* _Exercise objective_
Leave out the pictures, and retype the remaining data exactly.

* _Given information_

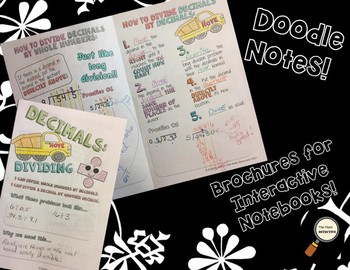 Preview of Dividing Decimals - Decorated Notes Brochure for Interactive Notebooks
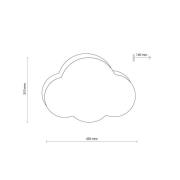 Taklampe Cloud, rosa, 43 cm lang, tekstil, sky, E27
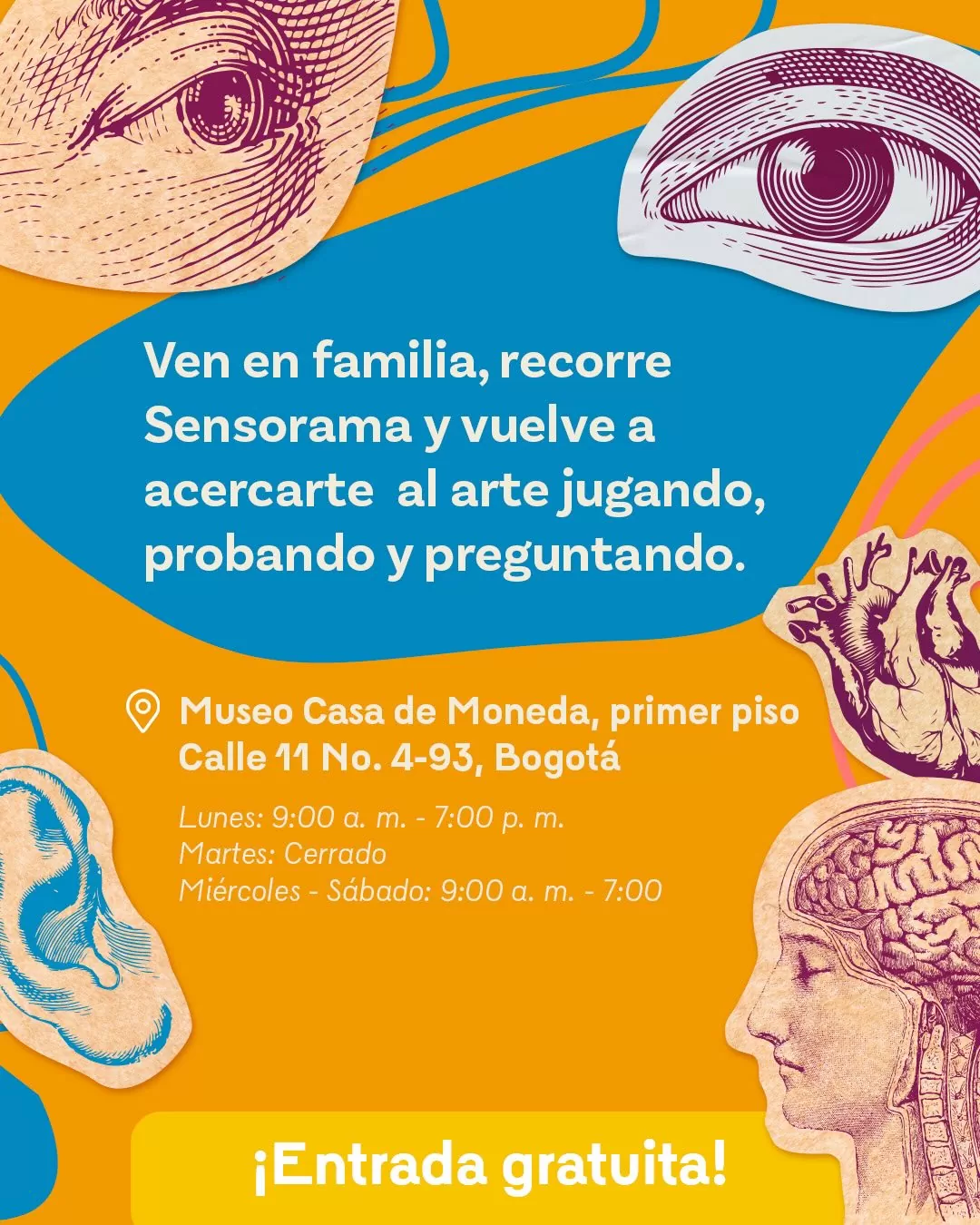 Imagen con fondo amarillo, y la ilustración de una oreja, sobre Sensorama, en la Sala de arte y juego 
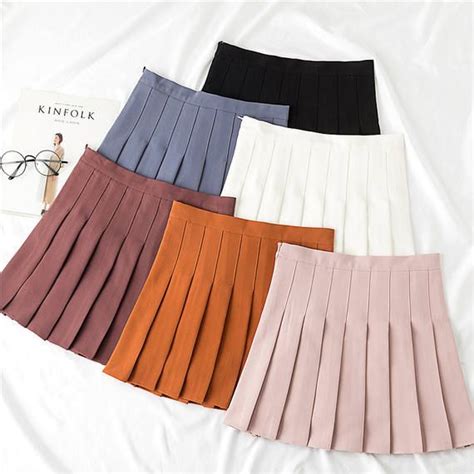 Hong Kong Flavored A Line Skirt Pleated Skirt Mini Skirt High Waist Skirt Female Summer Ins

* _Problem solution_
 Preview of Dividing Decimals - Decorated Notes Brochure for Interactive Notebooks
 Taklampe Cloud, rosa, 43 cm lang, tekstil, sky, E27
 Imagen con fondo amarillo, y la ilustración de una oreja, sobre Sensorama, en la Sala de arte y juego 
 Hong Kong Flavored A Line Skirt Pleated Skirt Mini Skirt High Waist Skirt Female Summer Ins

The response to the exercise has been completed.